Work required:
The required output is the exact sequence of lines from the line holding "Lynnia Blazer in Sleek Flannel" to the end of the records, inclusive.

Records for this exercise:
----------------------------------------
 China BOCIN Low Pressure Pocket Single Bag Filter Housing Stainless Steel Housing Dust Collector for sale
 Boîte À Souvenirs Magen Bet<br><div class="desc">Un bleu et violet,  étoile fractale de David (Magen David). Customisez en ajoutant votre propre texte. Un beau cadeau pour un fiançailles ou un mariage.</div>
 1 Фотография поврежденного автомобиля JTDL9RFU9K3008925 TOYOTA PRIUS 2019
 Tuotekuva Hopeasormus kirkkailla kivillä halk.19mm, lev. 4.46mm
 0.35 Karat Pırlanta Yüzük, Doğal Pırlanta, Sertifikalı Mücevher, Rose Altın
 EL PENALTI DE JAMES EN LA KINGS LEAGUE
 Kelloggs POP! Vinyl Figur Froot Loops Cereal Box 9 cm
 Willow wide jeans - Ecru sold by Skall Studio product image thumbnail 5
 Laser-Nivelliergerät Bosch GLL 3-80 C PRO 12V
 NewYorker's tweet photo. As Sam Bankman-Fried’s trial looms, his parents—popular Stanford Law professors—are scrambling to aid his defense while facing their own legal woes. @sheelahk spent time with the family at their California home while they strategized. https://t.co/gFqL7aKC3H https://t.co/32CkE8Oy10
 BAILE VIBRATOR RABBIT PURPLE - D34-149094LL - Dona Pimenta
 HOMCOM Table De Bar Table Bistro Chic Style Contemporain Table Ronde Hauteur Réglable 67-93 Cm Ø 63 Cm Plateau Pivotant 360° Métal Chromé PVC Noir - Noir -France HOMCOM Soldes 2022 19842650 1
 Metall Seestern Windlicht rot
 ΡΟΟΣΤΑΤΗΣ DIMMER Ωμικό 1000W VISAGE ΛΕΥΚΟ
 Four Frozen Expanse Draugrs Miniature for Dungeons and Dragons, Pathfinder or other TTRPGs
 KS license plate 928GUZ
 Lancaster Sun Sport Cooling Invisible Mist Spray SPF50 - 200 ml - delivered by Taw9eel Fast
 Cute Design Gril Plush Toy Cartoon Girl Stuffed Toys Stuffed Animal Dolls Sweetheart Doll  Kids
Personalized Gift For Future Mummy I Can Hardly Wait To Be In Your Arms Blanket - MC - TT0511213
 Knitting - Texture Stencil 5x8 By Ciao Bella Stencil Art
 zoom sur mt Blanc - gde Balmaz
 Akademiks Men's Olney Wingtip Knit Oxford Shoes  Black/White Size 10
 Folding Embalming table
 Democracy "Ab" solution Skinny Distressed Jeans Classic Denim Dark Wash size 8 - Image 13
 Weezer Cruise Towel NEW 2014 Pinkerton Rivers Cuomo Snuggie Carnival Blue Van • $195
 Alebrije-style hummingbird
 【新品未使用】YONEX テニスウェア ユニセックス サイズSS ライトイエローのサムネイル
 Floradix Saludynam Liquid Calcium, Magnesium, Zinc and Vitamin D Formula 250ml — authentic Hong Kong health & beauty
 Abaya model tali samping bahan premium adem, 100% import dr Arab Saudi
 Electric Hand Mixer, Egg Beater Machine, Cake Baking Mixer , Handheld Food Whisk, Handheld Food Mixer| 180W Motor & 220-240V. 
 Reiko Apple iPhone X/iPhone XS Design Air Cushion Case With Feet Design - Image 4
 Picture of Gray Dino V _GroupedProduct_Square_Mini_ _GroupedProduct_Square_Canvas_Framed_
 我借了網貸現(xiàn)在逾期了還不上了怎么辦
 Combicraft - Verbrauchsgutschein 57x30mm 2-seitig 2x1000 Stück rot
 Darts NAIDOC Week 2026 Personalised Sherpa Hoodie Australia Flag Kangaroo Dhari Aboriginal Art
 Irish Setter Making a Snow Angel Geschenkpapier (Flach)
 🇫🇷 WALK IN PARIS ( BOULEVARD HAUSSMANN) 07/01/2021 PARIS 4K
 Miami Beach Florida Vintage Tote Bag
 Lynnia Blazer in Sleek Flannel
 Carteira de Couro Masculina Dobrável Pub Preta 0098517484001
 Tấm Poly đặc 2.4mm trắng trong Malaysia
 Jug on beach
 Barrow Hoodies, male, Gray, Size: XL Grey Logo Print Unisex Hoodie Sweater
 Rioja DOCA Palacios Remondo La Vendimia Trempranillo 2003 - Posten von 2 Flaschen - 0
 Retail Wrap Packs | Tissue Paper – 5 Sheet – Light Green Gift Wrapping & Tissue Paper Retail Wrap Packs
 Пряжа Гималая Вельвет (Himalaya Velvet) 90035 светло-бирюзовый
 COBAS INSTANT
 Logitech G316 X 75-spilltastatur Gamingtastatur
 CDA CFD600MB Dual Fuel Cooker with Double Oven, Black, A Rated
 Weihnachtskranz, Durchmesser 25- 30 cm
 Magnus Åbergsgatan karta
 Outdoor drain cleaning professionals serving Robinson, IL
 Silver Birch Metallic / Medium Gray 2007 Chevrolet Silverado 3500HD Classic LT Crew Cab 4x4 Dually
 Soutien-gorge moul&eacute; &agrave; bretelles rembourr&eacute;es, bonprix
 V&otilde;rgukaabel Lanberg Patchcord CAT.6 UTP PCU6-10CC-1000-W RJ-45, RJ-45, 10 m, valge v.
----------------------------------------
Solution for this problem:
 Lynnia Blazer in Sleek Flannel
 Carteira de Couro Masculina Dobrável Pub Preta 0098517484001
 Tấm Poly đặc 2.4mm trắng trong Malaysia
 Jug on beach
 Barrow Hoodies, male, Gray, Size: XL Grey Logo Print Unisex Hoodie Sweater
 Rioja DOCA Palacios Remondo La Vendimia Trempranillo 2003 - Posten von 2 Flaschen - 0
 Retail Wrap Packs | Tissue Paper – 5 Sheet – Light Green Gift Wrapping & Tissue Paper Retail Wrap Packs
 Пряжа Гималая Вельвет (Himalaya Velvet) 90035 светло-бирюзовый
 COBAS INSTANT
 Logitech G316 X 75-spilltastatur Gamingtastatur
 CDA CFD600MB Dual Fuel Cooker with Double Oven, Black, A Rated
 Weihnachtskranz, Durchmesser 25- 30 cm
 Magnus Åbergsgatan karta
 Outdoor drain cleaning professionals serving Robinson, IL
 Silver Birch Metallic / Medium Gray 2007 Chevrolet Silverado 3500HD Classic LT Crew Cab 4x4 Dually
 Soutien-gorge moul&eacute; &agrave; bretelles rembourr&eacute;es, bonprix
 V&otilde;rgukaabel Lanberg Patchcord CAT.6 UTP PCU6-10CC-1000-W RJ-45, RJ-45, 10 m, valge v.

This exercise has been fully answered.